クルマの火事は1日10件ペースで発生!? 車両火災の原因は? 未然に防ぐ対策とは
2000年ごろをピークに減少傾向にあるものの、いまだに年間3500件程度の車両火災が発生しています。車両火災の原因はどういったことなのでしょうか。また、どうすれば防げるのでしょうか。
日本国内の火事の1割を占める車両火災
テレビなどのニュースでたびたび報じられる車両火災。車両火災はほとんど毎日発生しており、じつは意外と身近に潜む危険だったりします。
2020年の「消防白書」によると、2019年の車両火災は3585件にのぼり、平均すると1日あたり約10件。同年の日本国内における火災の総数は3万7683件なので、車両火災は全体の1割近くも占めているのです。
では、車両火災の原因はいったい何なのでしょうか。
火元の内訳でもっとも多いのは、「排気管関係」(17.1%/614件)です。排気管関係はクルマの構造のなかでも特に高温になる部分で、エンジン直後のエキゾーストマニホールドにいたっては500度を超えるといわれています
とはいえ、排気管関係の部品そのものが燃えてしまうことはあまりありません。排気管まわりの超高温な部品に、漏れた燃料(ガソリンや軽油)やオイルがかかる、あるいは整備のときに置き忘れたウエスなどの可燃物が発火して火災につながるというケースが多いようです。
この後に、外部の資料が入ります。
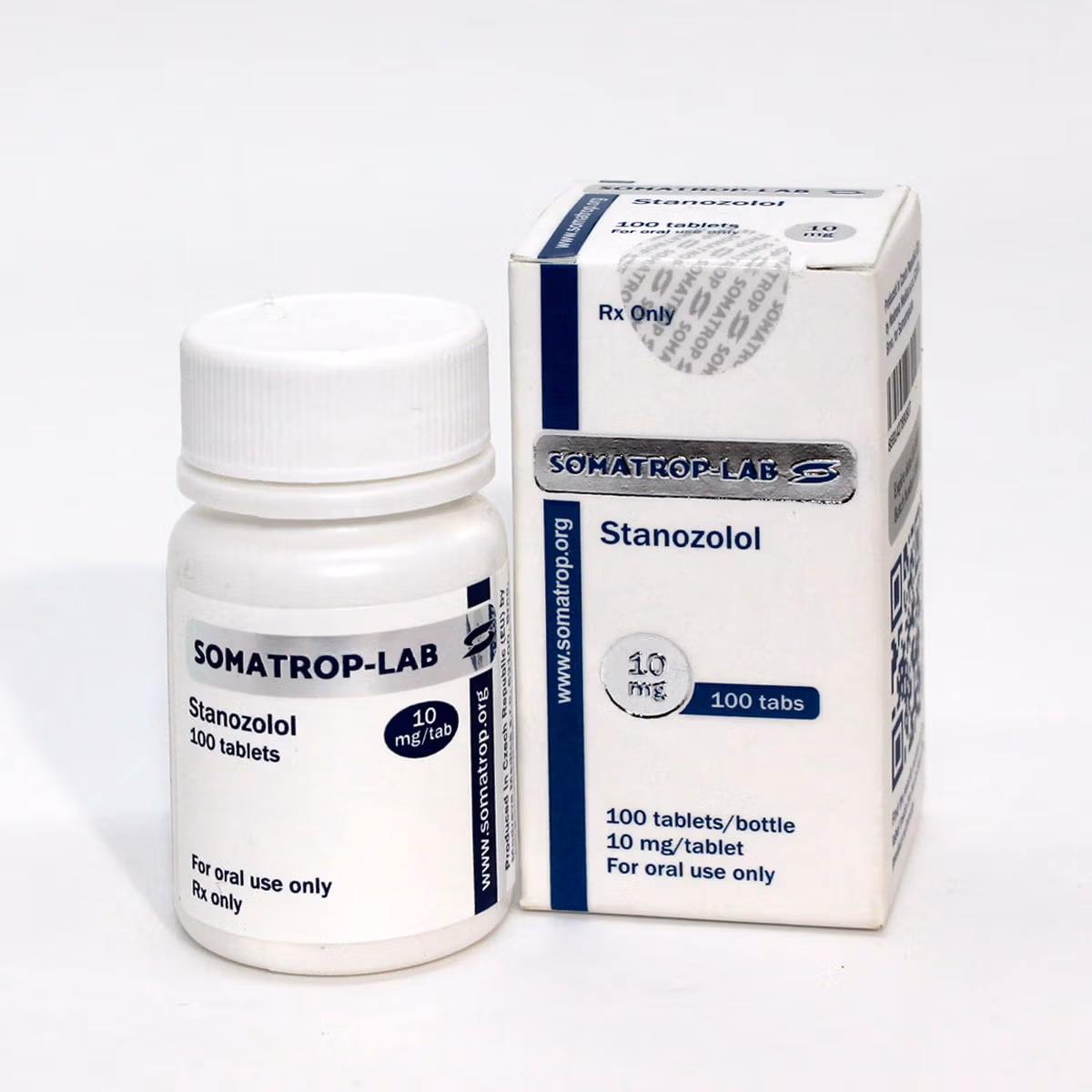 Somatrop-Lab Станозолол (Винстрол) Somatrop-Lab Станозолол (Винстрол)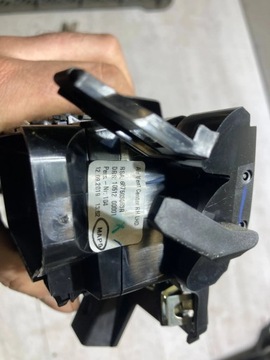 фото thumb №5, Renault clio v 2019 решётка воздуховод панели средняя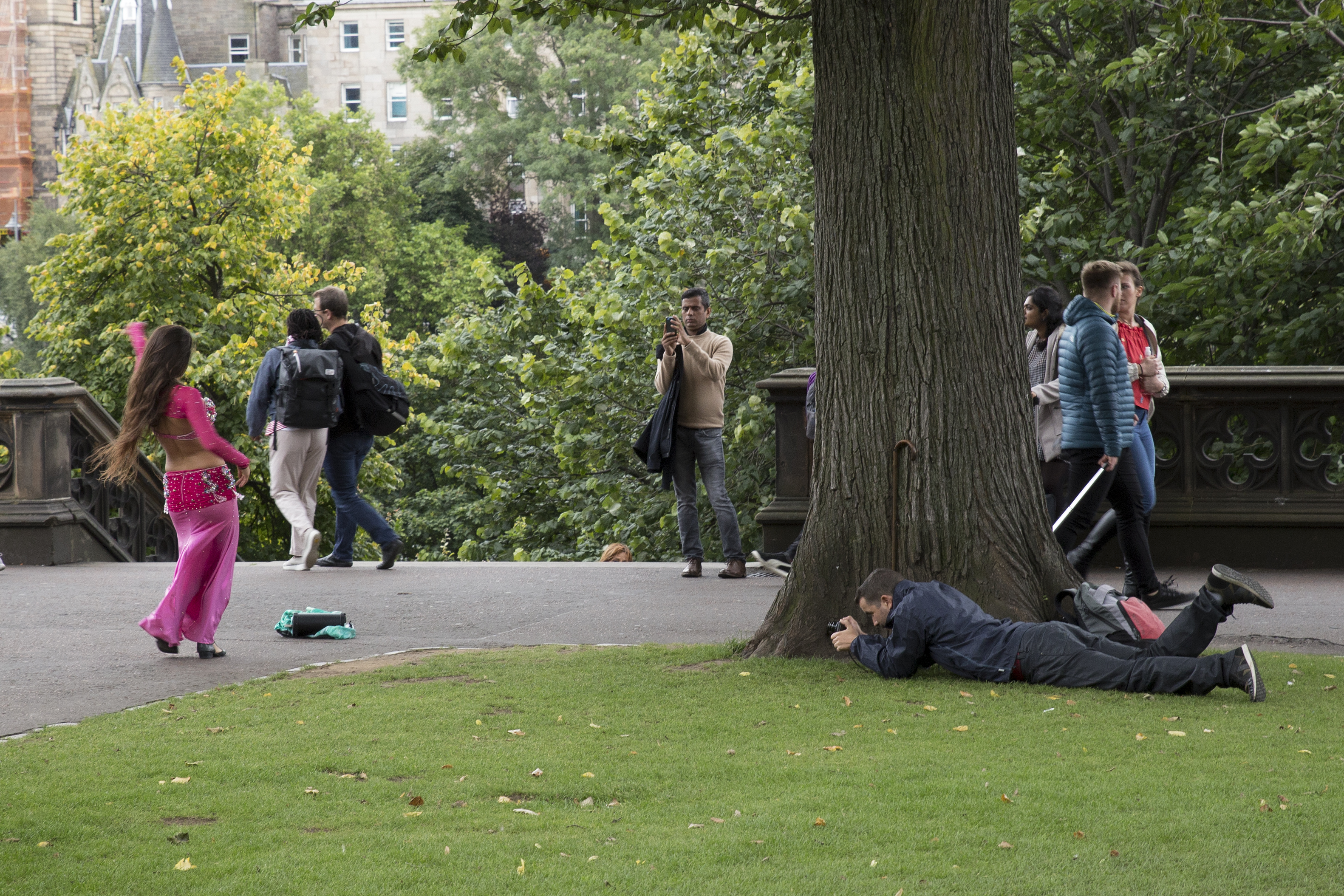 Schottland, Edinburgh (2017) - © Michael Mielke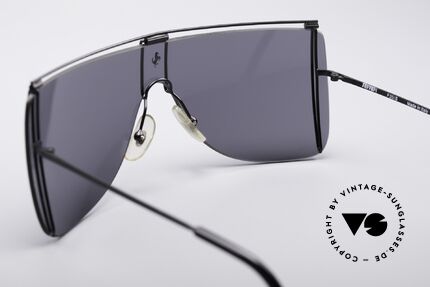 Ferrari F20 Luxury Sports Shades, never worn (like all our vintage FERRARI shades), Made for Men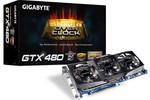 Karta graficzna GIGABYTE GTX 480 SOC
次いで多いのが、「機関内配線」(9.2%/329件)です。クルマのエンジンの点火系では高電圧の電気が流れていますが、火災の原因としては点火系よりバッテリーのメンテナンスミスやワイヤーハーネス(ケーブル)の劣化が考えられます
また、機関に関係のない「電装品」(6.6%/236件)も出火元のひとつです。ハイワッテージのヘッドライトやカーステレオの配線トラブルなど、機関内配線とは別にも火災がおきています。
「放火」もまた(7.4%/267件)と火災の原因のひとつです。筆者(金田ケイスケ)の知人も車両放火の被害に遭っていて、ひとりは自宅の駐車場に停めてあった国産スポーツカーを盗まれ、乗り捨てる際に証拠隠滅のために放火されたり、もうひとりはイタリア製の4WDスポーツカーで外出先の駐車場で付け火されたといいます。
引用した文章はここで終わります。